De l’esprit de conquête et de l’usurpation dans leurs rapports avec la civilisation européenne
Extraits du texte écrit par Benjamin Constant en Allemagne, en 1813, un an avant l’abdication de Napoléon
Toute ressemblance avec des personnes ou des situations ayant existé ne saurait être que fortuite
Première partie : De l’esprit de conquête
CHAPITRE II
[…]
Nous sommes arrivés à l'époque du commerce, époque qui doit nécessairement remplacer celle de la guerre, comme celle de la guerre a du nécessairement la précéder. La guerre et le commerce ne sont que deux moyens différents d'arriver au même but, celui de posséder ce que l'on désire.
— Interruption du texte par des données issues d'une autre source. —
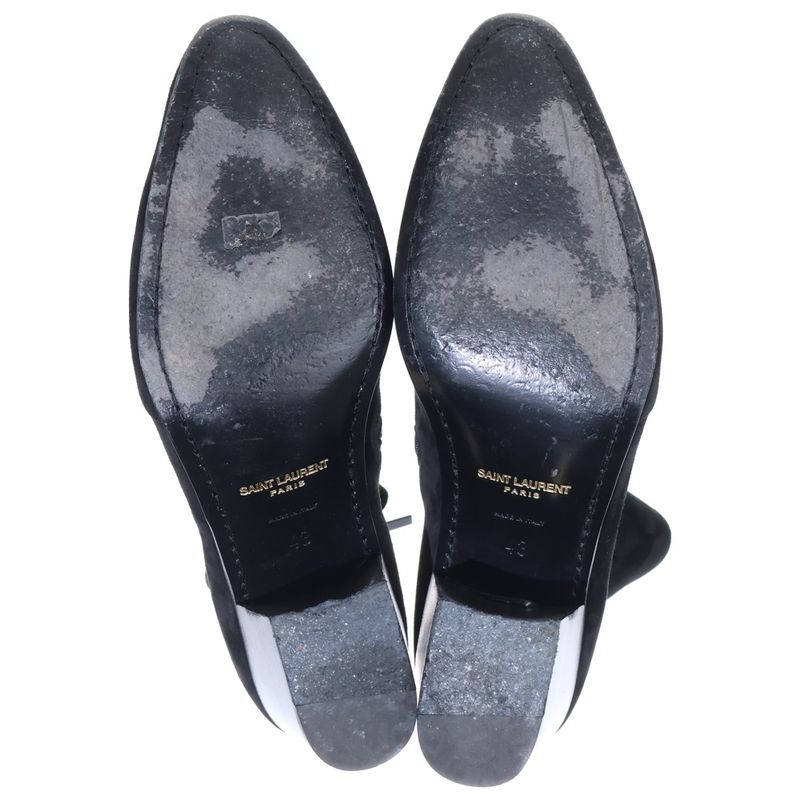 Saint Laurent Paris Suede Side Zip Leather Heel Boots Black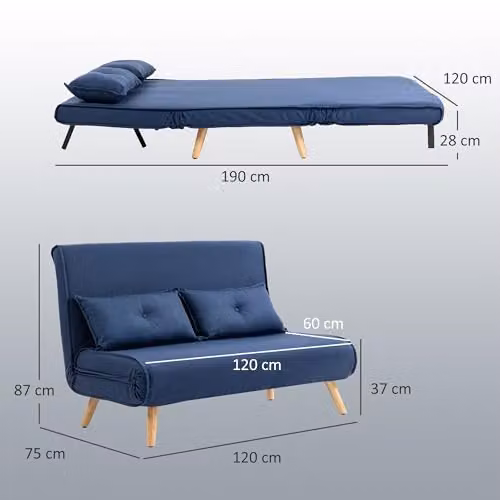 HOMCOM 2 Seater Click Clack Convertible Sofa Bed in Blue – 3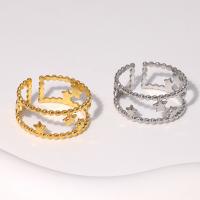 Rustfrit stål fingre Ringe, 304 rustfrit stål, forgyldt, mode smykker & for kvinde, flere farver til valg, Solgt af PC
Le commerce n'est autre chose qu'un hommage rendu à la force du possesseur par l'aspirant à la possession. C'est une tentative pour obtenir de gré à gré ce qu'on n'espère plus conquérir par la violence. Un homme qui serait toujours le plus fort n'aurait jamais l'idée du commerce. C'est l'expérience qui, en lui prouvant que la guerre, c'est-à-dire l'emploi de sa force contre la force d'autrui, est exposée à diverses résistances et à divers échecs, le porte à recourir au commerce, c'est-à-dire, à un moyen plus doux et plus sûr d'engager l'intérêt des autres à consentir à ce qui convient à son intérêt.